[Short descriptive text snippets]
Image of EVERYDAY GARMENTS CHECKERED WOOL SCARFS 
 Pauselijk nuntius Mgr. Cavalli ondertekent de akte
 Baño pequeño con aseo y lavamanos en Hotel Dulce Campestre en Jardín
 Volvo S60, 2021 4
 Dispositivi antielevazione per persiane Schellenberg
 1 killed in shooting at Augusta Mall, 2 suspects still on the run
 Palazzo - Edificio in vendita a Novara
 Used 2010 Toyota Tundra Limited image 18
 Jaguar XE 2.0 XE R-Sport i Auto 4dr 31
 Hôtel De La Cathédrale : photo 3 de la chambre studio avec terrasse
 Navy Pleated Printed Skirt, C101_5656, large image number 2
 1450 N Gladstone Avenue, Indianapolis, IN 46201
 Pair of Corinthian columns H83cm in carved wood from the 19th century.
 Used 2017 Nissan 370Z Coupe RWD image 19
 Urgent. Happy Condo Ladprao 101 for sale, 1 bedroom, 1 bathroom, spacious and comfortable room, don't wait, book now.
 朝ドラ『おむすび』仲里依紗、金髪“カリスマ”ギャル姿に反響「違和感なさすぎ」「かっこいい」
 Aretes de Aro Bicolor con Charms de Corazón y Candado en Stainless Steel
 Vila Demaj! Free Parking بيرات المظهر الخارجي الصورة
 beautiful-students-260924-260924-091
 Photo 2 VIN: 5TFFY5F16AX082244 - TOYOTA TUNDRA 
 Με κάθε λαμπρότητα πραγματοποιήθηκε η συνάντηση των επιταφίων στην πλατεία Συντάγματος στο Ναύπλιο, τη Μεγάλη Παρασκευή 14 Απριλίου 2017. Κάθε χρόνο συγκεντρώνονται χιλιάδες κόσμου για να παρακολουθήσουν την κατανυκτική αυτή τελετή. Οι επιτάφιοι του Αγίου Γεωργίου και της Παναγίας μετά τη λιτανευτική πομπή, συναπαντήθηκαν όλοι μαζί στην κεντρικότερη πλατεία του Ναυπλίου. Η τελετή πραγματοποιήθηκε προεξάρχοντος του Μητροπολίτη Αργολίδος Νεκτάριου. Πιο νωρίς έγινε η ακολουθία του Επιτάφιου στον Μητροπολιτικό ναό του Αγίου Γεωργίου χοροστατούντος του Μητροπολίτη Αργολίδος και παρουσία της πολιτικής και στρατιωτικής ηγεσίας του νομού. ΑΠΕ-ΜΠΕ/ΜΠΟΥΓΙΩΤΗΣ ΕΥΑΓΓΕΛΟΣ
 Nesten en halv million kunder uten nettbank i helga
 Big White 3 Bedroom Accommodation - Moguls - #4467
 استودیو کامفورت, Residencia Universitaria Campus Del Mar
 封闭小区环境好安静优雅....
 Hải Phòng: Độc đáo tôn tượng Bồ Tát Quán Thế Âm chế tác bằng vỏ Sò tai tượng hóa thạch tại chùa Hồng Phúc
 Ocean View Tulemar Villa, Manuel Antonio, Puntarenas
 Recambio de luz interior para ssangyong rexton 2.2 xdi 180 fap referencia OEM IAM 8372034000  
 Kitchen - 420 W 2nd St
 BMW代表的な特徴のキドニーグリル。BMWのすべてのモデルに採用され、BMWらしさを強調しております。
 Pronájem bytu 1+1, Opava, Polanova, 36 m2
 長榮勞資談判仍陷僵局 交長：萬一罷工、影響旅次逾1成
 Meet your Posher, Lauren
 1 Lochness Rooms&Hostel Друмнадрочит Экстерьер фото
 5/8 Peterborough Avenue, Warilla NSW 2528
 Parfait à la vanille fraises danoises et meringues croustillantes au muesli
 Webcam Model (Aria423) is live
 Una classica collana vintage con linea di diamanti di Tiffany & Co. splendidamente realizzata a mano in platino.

# Instructions to follow
Please retype all of the lines above exactly as they stand.

# Task answer
Image of EVERYDAY GARMENTS CHECKERED WOOL SCARFS 
 Pauselijk nuntius Mgr. Cavalli ondertekent de akte
 Baño pequeño con aseo y lavamanos en Hotel Dulce Campestre en Jardín
 Volvo S60, 2021 4
 Dispositivi antielevazione per persiane Schellenberg
 1 killed in shooting at Augusta Mall, 2 suspects still on the run
 Palazzo - Edificio in vendita a Novara
 Used 2010 Toyota Tundra Limited image 18
 Jaguar XE 2.0 XE R-Sport i Auto 4dr 31
 Hôtel De La Cathédrale : photo 3 de la chambre studio avec terrasse
 Navy Pleated Printed Skirt, C101_5656, large image number 2
 1450 N Gladstone Avenue, Indianapolis, IN 46201
 Pair of Corinthian columns H83cm in carved wood from the 19th century.
 Used 2017 Nissan 370Z Coupe RWD image 19
 Urgent. Happy Condo Ladprao 101 for sale, 1 bedroom, 1 bathroom, spacious and comfortable room, don't wait, book now.
 朝ドラ『おむすび』仲里依紗、金髪“カリスマ”ギャル姿に反響「違和感なさすぎ」「かっこいい」
 Aretes de Aro Bicolor con Charms de Corazón y Candado en Stainless Steel
 Vila Demaj! Free Parking بيرات المظهر الخارجي الصورة
 beautiful-students-260924-260924-091
 Photo 2 VIN: 5TFFY5F16AX082244 - TOYOTA TUNDRA 
 Με κάθε λαμπρότητα πραγματοποιήθηκε η συνάντηση των επιταφίων στην πλατεία Συντάγματος στο Ναύπλιο, τη Μεγάλη Παρασκευή 14 Απριλίου 2017. Κάθε χρόνο συγκεντρώνονται χιλιάδες κόσμου για να παρακολουθήσουν την κατανυκτική αυτή τελετή. Οι επιτάφιοι του Αγίου Γεωργίου και της Παναγίας μετά τη λιτανευτική πομπή, συναπαντήθηκαν όλοι μαζί στην κεντρικότερη πλατεία του Ναυπλίου. Η τελετή πραγματοποιήθηκε προεξάρχοντος του Μητροπολίτη Αργολίδος Νεκτάριου. Πιο νωρίς έγινε η ακολουθία του Επιτάφιου στον Μητροπολιτικό ναό του Αγίου Γεωργίου χοροστατούντος του Μητροπολίτη Αργολίδος και παρουσία της πολιτικής και στρατιωτικής ηγεσίας του νομού. ΑΠΕ-ΜΠΕ/ΜΠΟΥΓΙΩΤΗΣ ΕΥΑΓΓΕΛΟΣ
 Nesten en halv million kunder uten nettbank i helga
 Big White 3 Bedroom Accommodation - Moguls - #4467
 استودیو کامفورت, Residencia Universitaria Campus Del Mar
 封闭小区环境好安静优雅....
 Hải Phòng: Độc đáo tôn tượng Bồ Tát Quán Thế Âm chế tác bằng vỏ Sò tai tượng hóa thạch tại chùa Hồng Phúc
 Ocean View Tulemar Villa, Manuel Antonio, Puntarenas
 Recambio de luz interior para ssangyong rexton 2.2 xdi 180 fap referencia OEM IAM 8372034000  
 Kitchen - 420 W 2nd St
 BMW代表的な特徴のキドニーグリル。BMWのすべてのモデルに採用され、BMWらしさを強調しております。
 Pronájem bytu 1+1, Opava, Polanova, 36 m2
 長榮勞資談判仍陷僵局 交長：萬一罷工、影響旅次逾1成
 Meet your Posher, Lauren
 1 Lochness Rooms&Hostel Друмнадрочит Экстерьер фото
 5/8 Peterborough Avenue, Warilla NSW 2528
 Parfait à la vanille fraises danoises et meringues croustillantes au muesli
 Webcam Model (Aria423) is live
 Una classica collana vintage con linea di diamanti di Tiffany & Co. splendidamente realizzata a mano in platino.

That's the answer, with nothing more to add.